Now in the case of your track, I wouldn't necessarily recommend such broad strokes, but rather faster undulations of tempo, on the bar scale. Like: slowing down the first half of each bar, and speeding up its second half. So longer notes gets even more elongated, and the "running" part of the bar gets to run even faster. (I assume a bar corresponds to a rythmic pattern in your composition.) It would thus accentuate both the melodic and rythmic aspects of the track.

Start with tiny variations, and then see how far you can stretch it. 
As for minute adjustements (when to do the changes exactly, and how abrupt or progressive they need to be - you'd have to experiment with that. (I mostly make EDM, so I don't have a lot of experience doing this myself )

Anyway, I may be wrong, but it were me, I would give this a try.

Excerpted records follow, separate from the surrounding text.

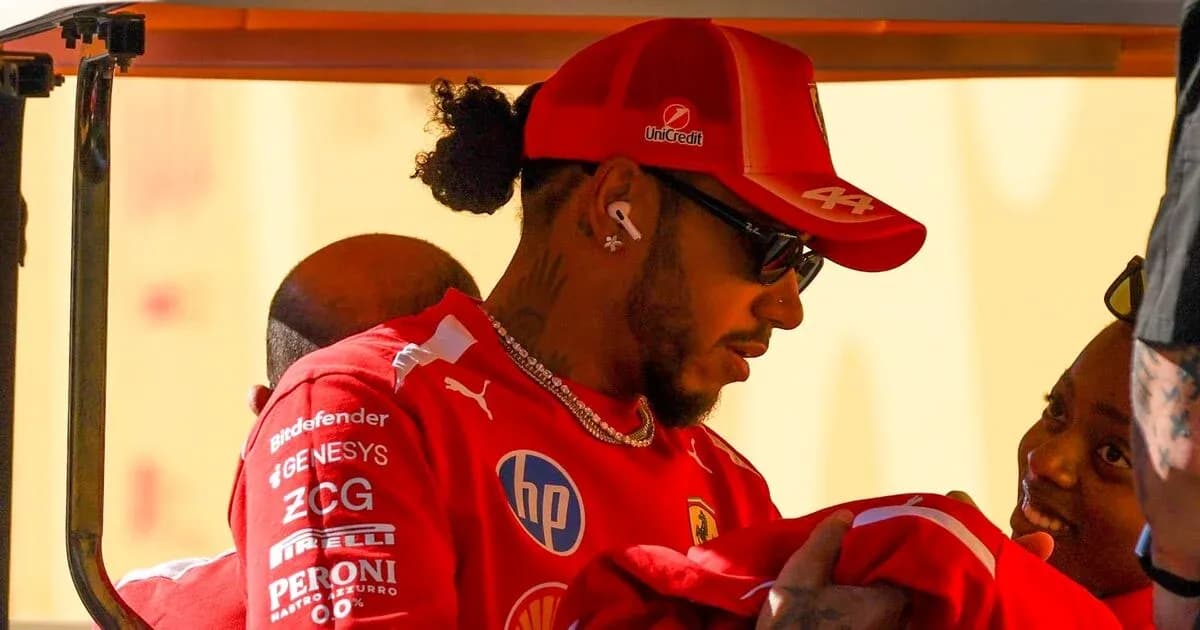 Lewis Hamilton con gorra de Ferrari interactuando con persona Lewis Hamilton con gorra de Ferrari interactuando con persona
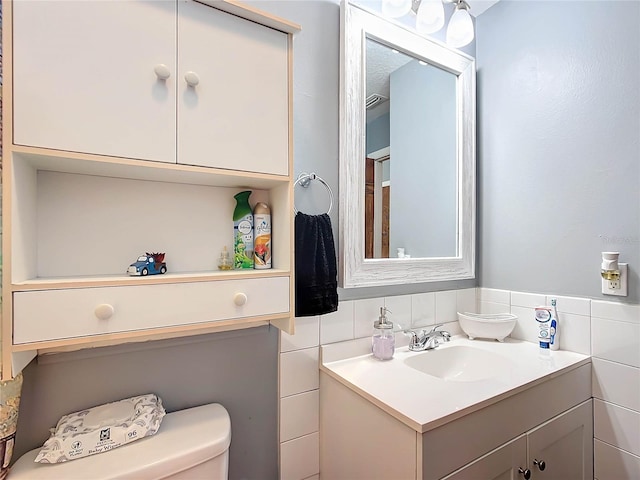 bathroom featuring vanity, tile walls, and toilet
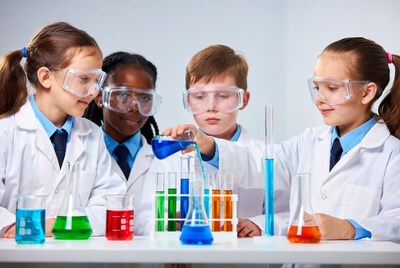 Children in lab coats doing science experiment
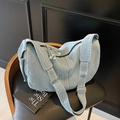 Hellblaue Denim Umhängetasche mit verstellbarem Riemen auf einem Vintage-Ledersessel - Hellblau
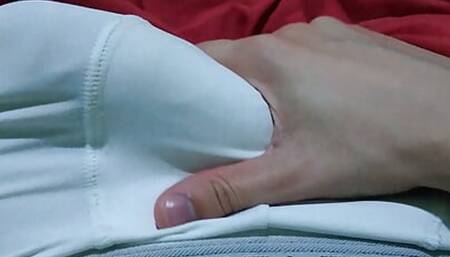 In bed under the blanket wearing white underwear masturbating his big thick cock very hard drooling very horny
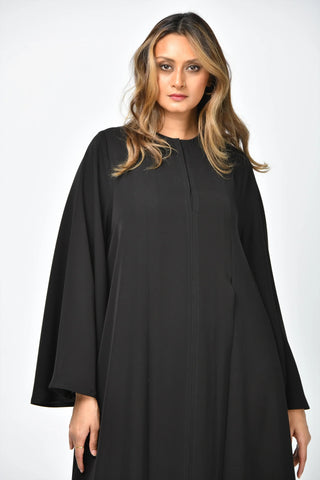 Plain, formal, triple-cloche abaya with vertical cuts from Tahani Boutique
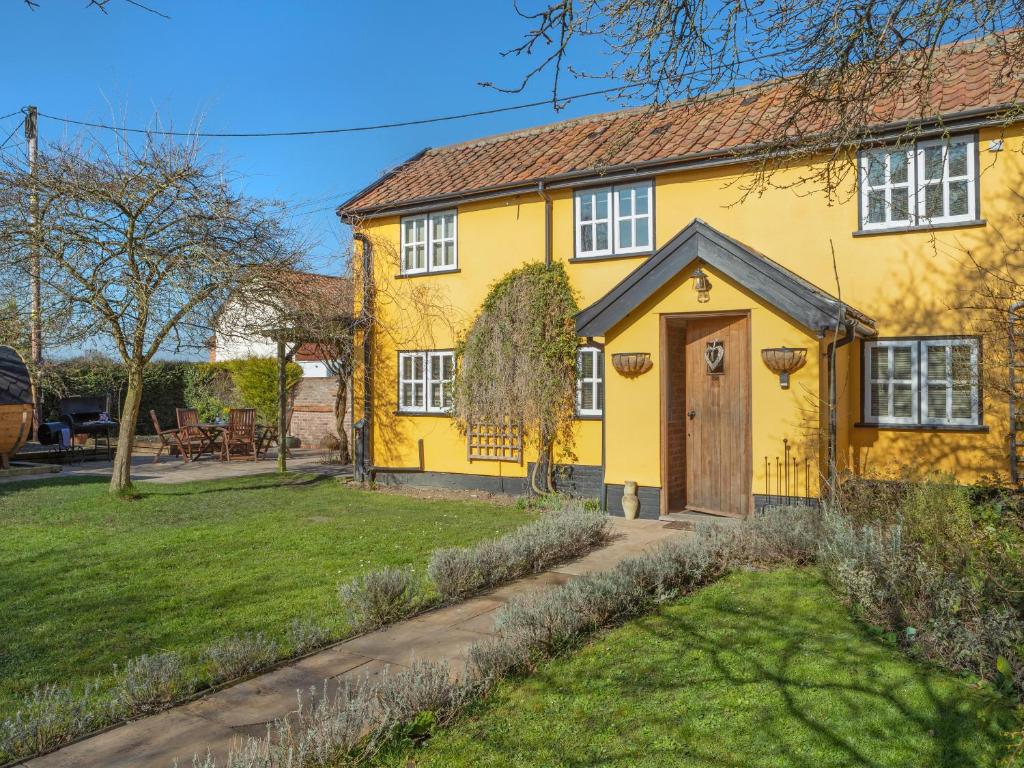 a yellow house with a door and a yard at Lavender Cottage - Ukc9687 in Thorndon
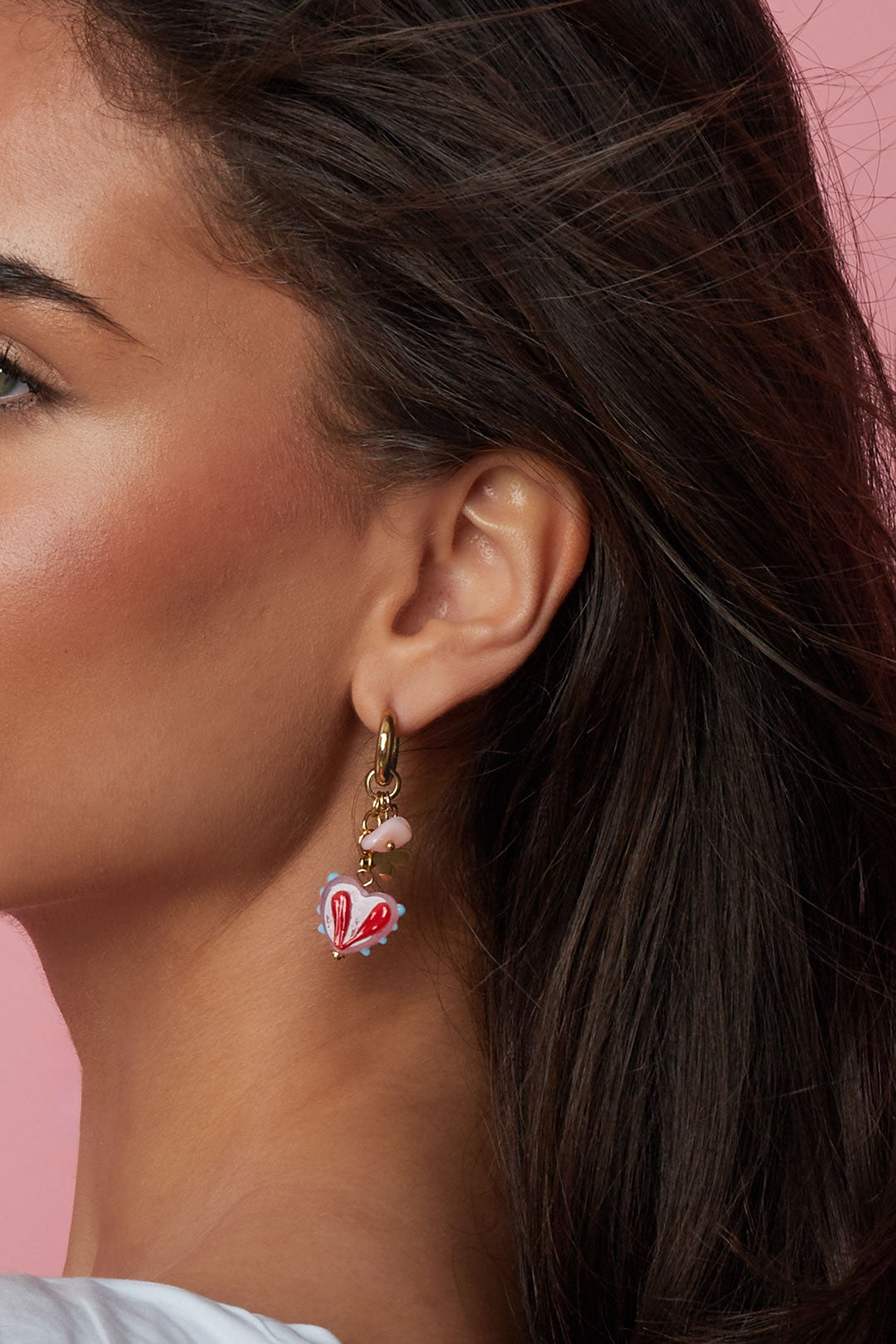 Closeup side profile of model wearing gold hoop earrings with pink heart charm on pink backdrop
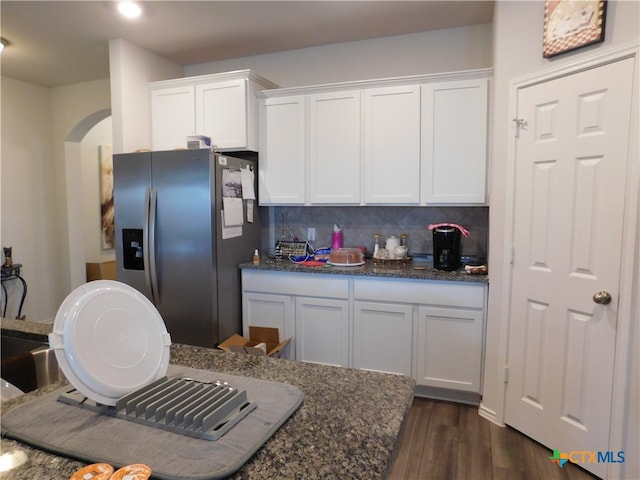 kitchen featuring white cabinets, dark stone countertops, dark hardwood / wood-style flooring, and stainless steel refrigerator with ice dispenser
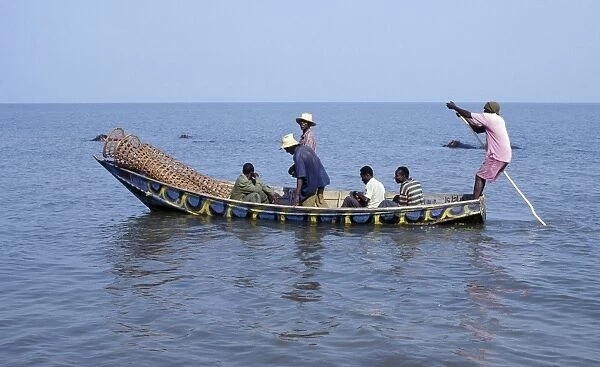A wooden fishing boat with fish traps in the bow leaves Rwenshama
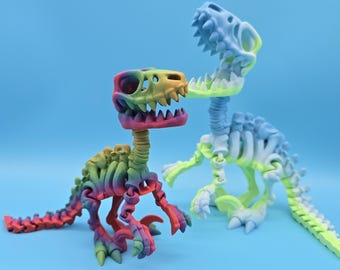 May include: Two articulated dinosaur skeletons, one in a rainbow color scheme and the other in a light blue and green color scheme.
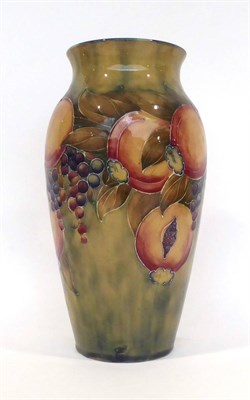 Lot 63 - A William Moorcroft Pomegranate Pattern Vase, on a mottled green ground, green painted...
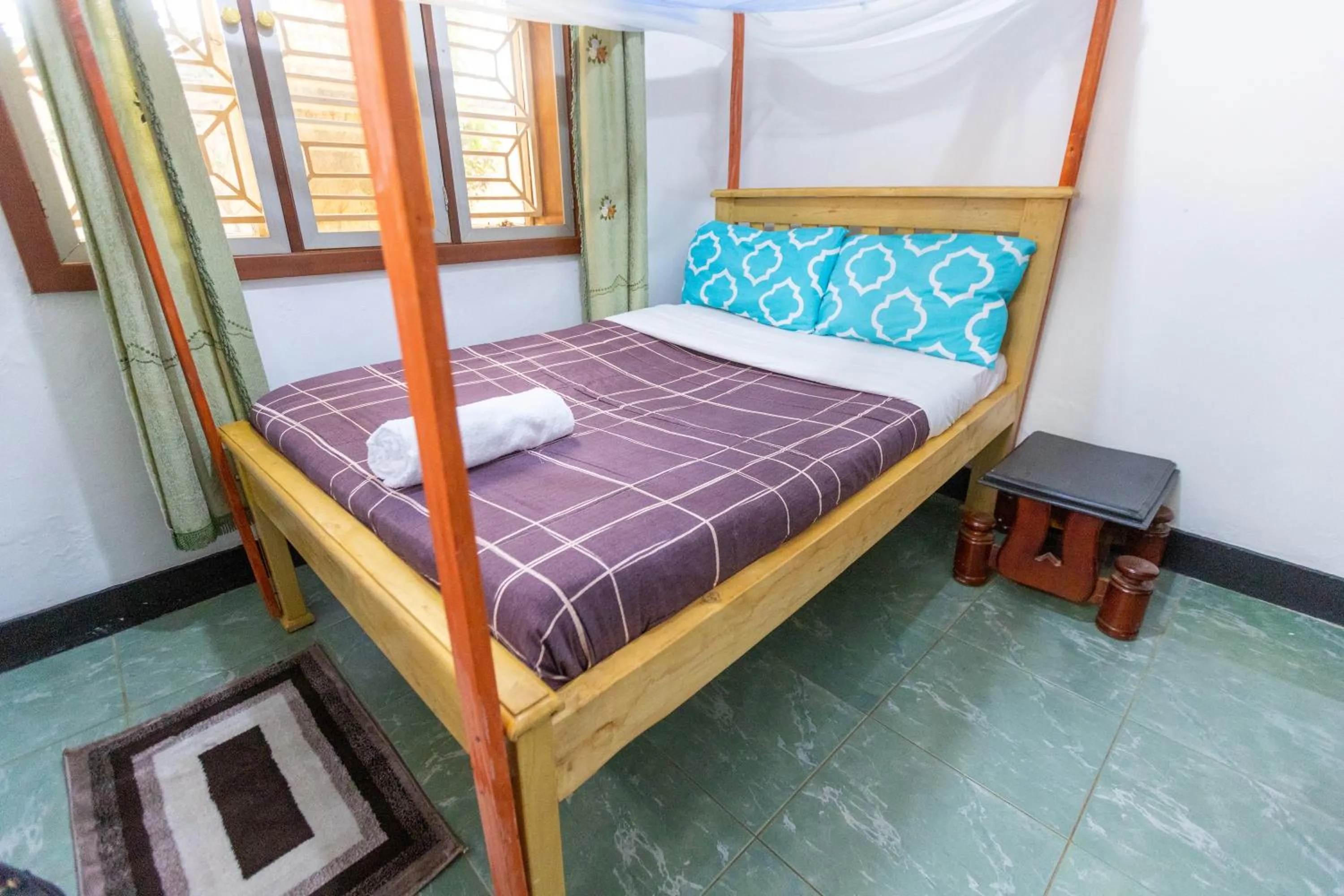 Bed in Acacia Villa Kampala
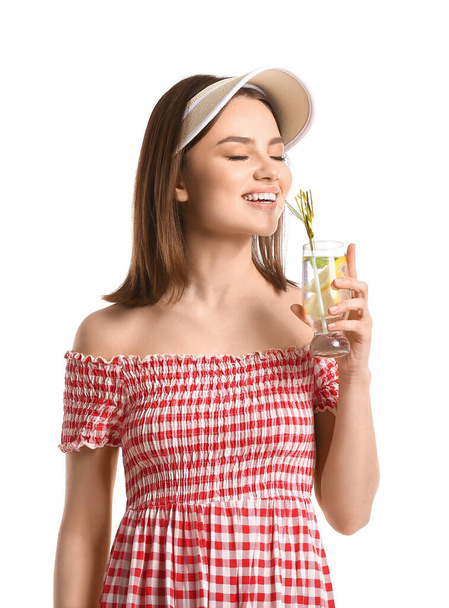 Beautiful young woman drinking fresh lemonade on white background - Photo, image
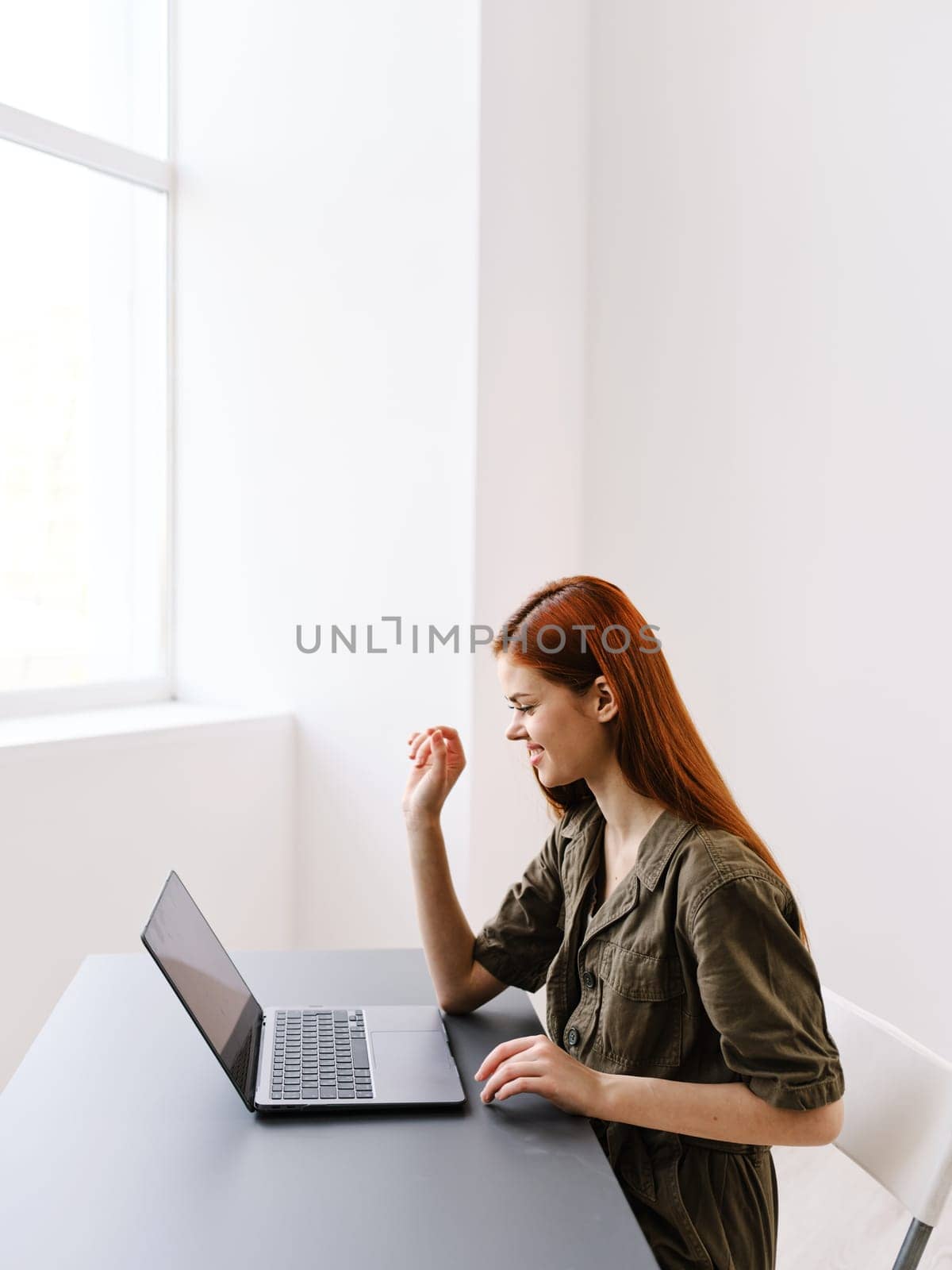 pensive woman sits in the office at the table with a laptop and works. High quality photo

And then yes, there might be something to do about your orchestration and/or your choice or use of the library - but I don't know anything about that, sorry.


----------



## kilgurt (Jun 25, 2019)

Hop over to Mike Verta at mikeverta.com. Take the Masterclass "Composition 1" first. As Mike himself says: "Don't start with Theory 1. If you're even thinking of starting with Theory 1, then you're still coming from the opposite place I teach from. I almost regret doing that class!". Mikes philosophy gave me a lot.
He has sales pretty often like last July: https://vi-control.net/community/th...es-40-off-for-4th-of-july.72874/#post-4249384.


----------



## Brian99 (Jun 25, 2019)

kilgurt said:


> Hop over to Mike Verta at mikeverta.com



I'm getting a "This account has been suspended" message trying to visit his website.


----------



## karelpsota (Jun 25, 2019)

alenor said:


> Hi.
> What BMP is used for trailer type tracks,



If you're talking about BPM/Tempo the trends seem to be slower. It's less about 150 BPM action tracks. It's more around 80-110. But then again there's always a recent example to contradict everything 

I would just start by dissecting the tracks you like.



alenor said:


> Hi.
> Where do I add braams, hits etc.?



It's not rocket science. Braaam + big hit every bar. Then do drum fills before the 1.
(The overall arrangement is more complicated though).

But then again I would recommend studying the tracks you like.

*All the answers are usually in front of you if you listen closely *


----------